To vote or not to vote
Aux Sources
Antoine Buéno
J'ai toujours beaucoup aimé aller voter. D'abord parce que ça me permettait d'entrer dans une école maternelle. J'adore aller renifler l'odeur des écoles maternelles, et comme ce fut pendant lontemps la seule occasion que j'avais d'y aller, je ne m'en privais pas. Et puis j'aime bien le dispositif : les isoloirs, les bulletins, l'urne enfin, bref le cérémonial citoyen et la certitude que j'accomplissais quelque chose de grand, que je mettais mes pas dans ceux dont le bulletin avait changé le monde ! Et puis surtout, j'aime le sentiment de communion, de l'action collective : un peu comme Noël ou les matches de foot : l'idée que tout le monde fasse la même chose au même moment, ça me met des frissons.

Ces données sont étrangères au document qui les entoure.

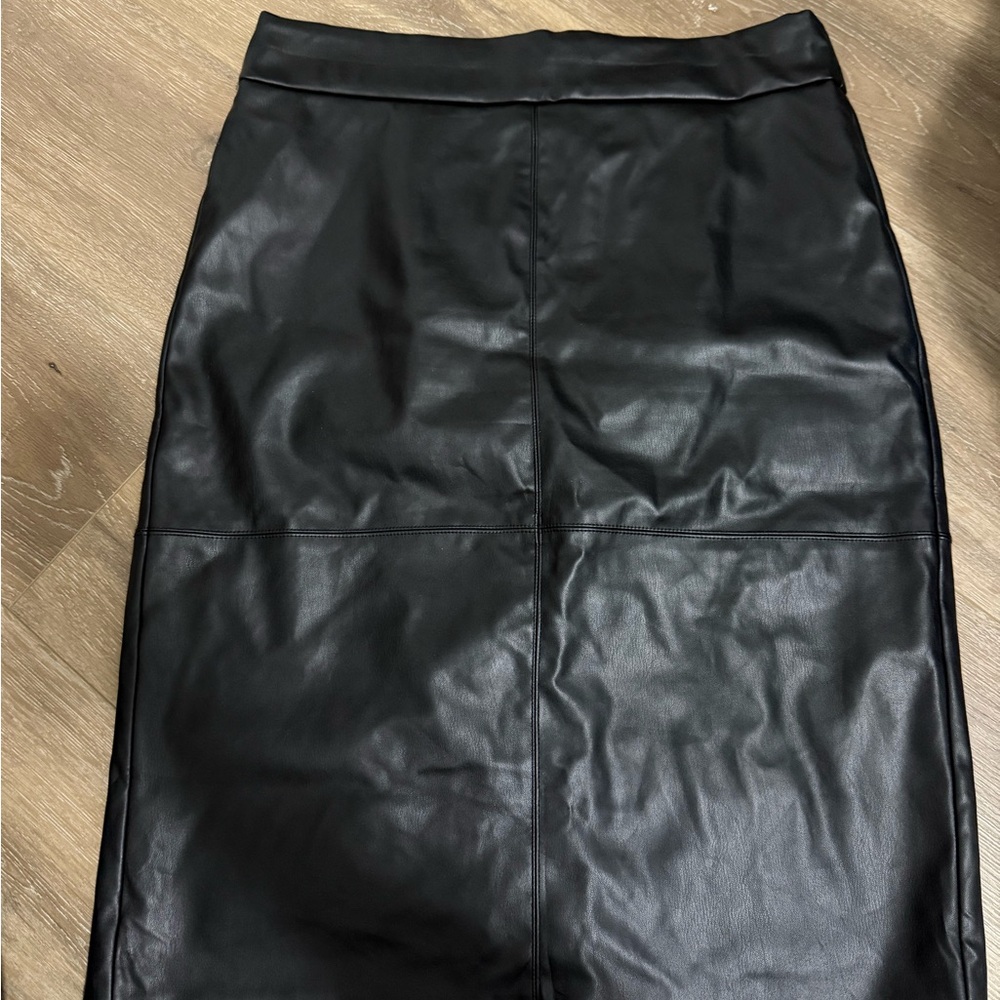 RW&CO. Black Faux Leather Pencil Skirt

Et puis petit à petit, ni l'odeur de la colle et de la salle de classe, ni la chair de poule de la grand messe républicaine n'ont plus suffi à me motiver pour aller glisser la petite enveloppe dans la fente. C'était terrible : je devenais abstentionniste. Je ne me souviens plus très bien de quand ça a commencé (mais je ne me souviens pas non plus de la dernière fois que j'ai voté avec enthousiasme). J'ai fait quelques rechutes mais globalement l'idée de participer à tout ce cirque est devenue difficilement supportable. J'avais un peu honte quand même et les clips de propagande électorale se chargeaient de me rappeler à quel point j'étais une mauvaise citoyenne.

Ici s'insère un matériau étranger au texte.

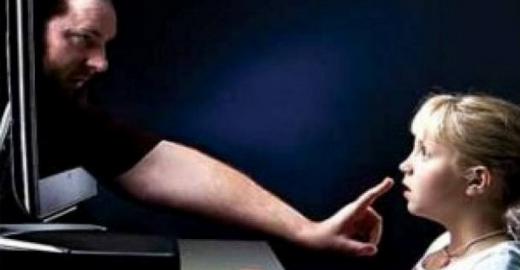 Londres prepara leyes contra acoso y explotación infantil en Internet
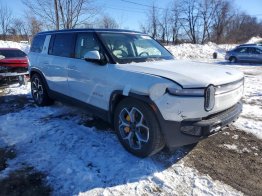 Salvage 2024 Rivian R1S ADVENTURE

J'ai depuis lu et entendu suffisamment d'arguments pour me convaincre que, dans l'état actuel du fonctionnement de nos institutions, il était très peu problable que mon vote change quoi que ce soit à la marche du monde et à son déluge d'injustices. Je sais aussi que je ne vis pas en Corée du Nord et que la France est un pays merveilleux avec un Canard enchaîné et tout et tout. Mais pourtant, je n'arrive toujours pas à répondre à cette question simple : qu'est ce qui est le plus nocif : voter ou ne pas voter?
Le livre d'Antoine Buéno entend y répondre. Il donne aux abstentionnistes convaincus ou aux hésitants, des arguments, souvent imparables (mais pas toujours), pour ne pas aller donner leur voix à ceux qui, régulièrement et avec souvent une absence totale de vergogne, viennent nous expliquer qu'avec eux, ça sera différent.
Il propose surtout de faire des abstentionnistes un mouvement unifié, structuré, un lobby en quelque sorte, capable d'aller négocier ses voix contre la garantie de voir ses revendications prises en compte. Cela pose un tas de problèmes pratiques et politiques mais c'est une propostion qui a le mérite d'exister.
En attendant d'y réfléchir, je vous souhaite à tous et à toutes beaucoup de courage pour les mois à venir!